Our children are so fortunate to attend Denver JDS, where the school’s Divrei Chaim help guide their education and character formation. The Words to Live By speaker series is an opportunity for us as parents and community members to engage in an enriching Jewish educational opportunity. The speakers are relevant, highly professional, and present content that is valuable and insightful.
This week Denver JDS hosted Dr. Michael Kay, the head of school at Solomon Schechter School of Westchester in New York, to speak about “community.” He specifically talked about what it means to be a pluralistic Jewish community.
So what exactly is pluralism?
Dr. Kay said that while we use the term “pluralism,” we can also insert the term “diversity.” He told us that diversity is not aesthetic – it is a skill, and one that Jewish day schools are well-poised to teach. He noted that many people misunderstand pluralism to mean “anything goes.” He defined pluralism as a process of community engagement, not a predictor of outcomes. I found this definition to be enlightened and open to possibility.
According to Dr. Kay, interactional pluralism represents a 21st century offering. It means that different stakeholders do more than co-exist; they also understand each other and openly engage with different ideas. Stakeholders interact with the possibility of enriching one another’s beliefs versus just cultivating an atmosphere where people with different practices can co-exist, or enables people to understand (informationally) different ways to practice.
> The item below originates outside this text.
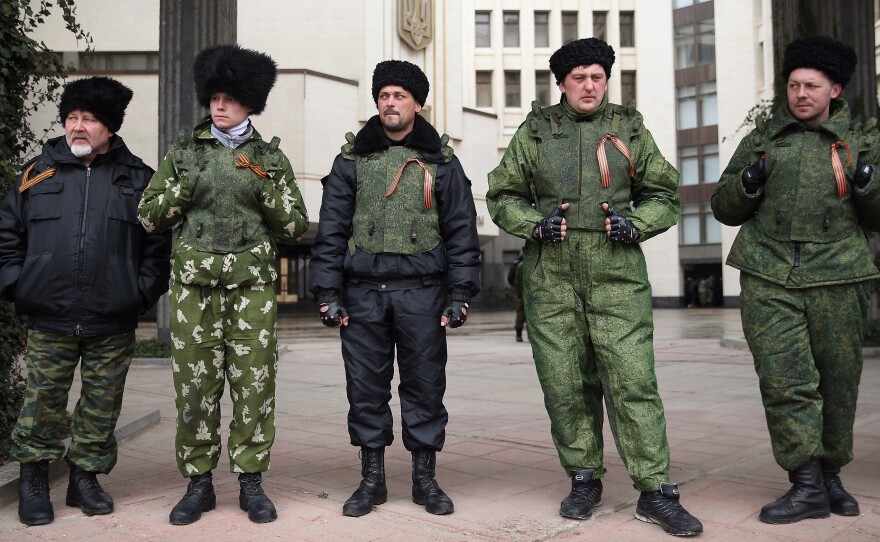 Cossacks stand guard at the entrance to the Crimean Parliament building on Friday in Simferopol, Ukraine. Russian Cossacks, some heavily armed, have taken up guard duties at road checkpoints, border crossings and other key facilities that were previously guarded by local, pro-Russian militants across Crimea in recent days.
Interactional pluralism implies collaboration, a transferable and marketable skill beyond Jewish day school. Think of it as an essential skill to succeed in politics, academics, business, health-related fields, and so on. Interactional pluralism enables critical thinking skills, where students retain more of what they learn by being forced to articulate their perspectives while also better accepting other people’s perspectives.
Following Dr. Kay’s talk, we heard from a panel of experts (including, Director of Jewish Life & Learning Dr. Sarah Levy, fifth grade teacher Spencer Stachler, parent and board member Dr. Eli Sacks, and students Eli Asarch and Shaun Slamowitz). We were able to ask questions and engage in meaningful discussion about pluralism and community. The two students described how even though they have opposite views about the existence of God, they are the best of friends because they are in a safe environment where they can openly challenge and disagree with one another. People disagreeing with one another is, as Dr. Kay put it, “a hallmark of Judaism,” and has been part of our culture for thousands of years.
The next Words to Live By speaker event, this one featuring “integrity,” is on Monday, March 4. I hope to see many of you there.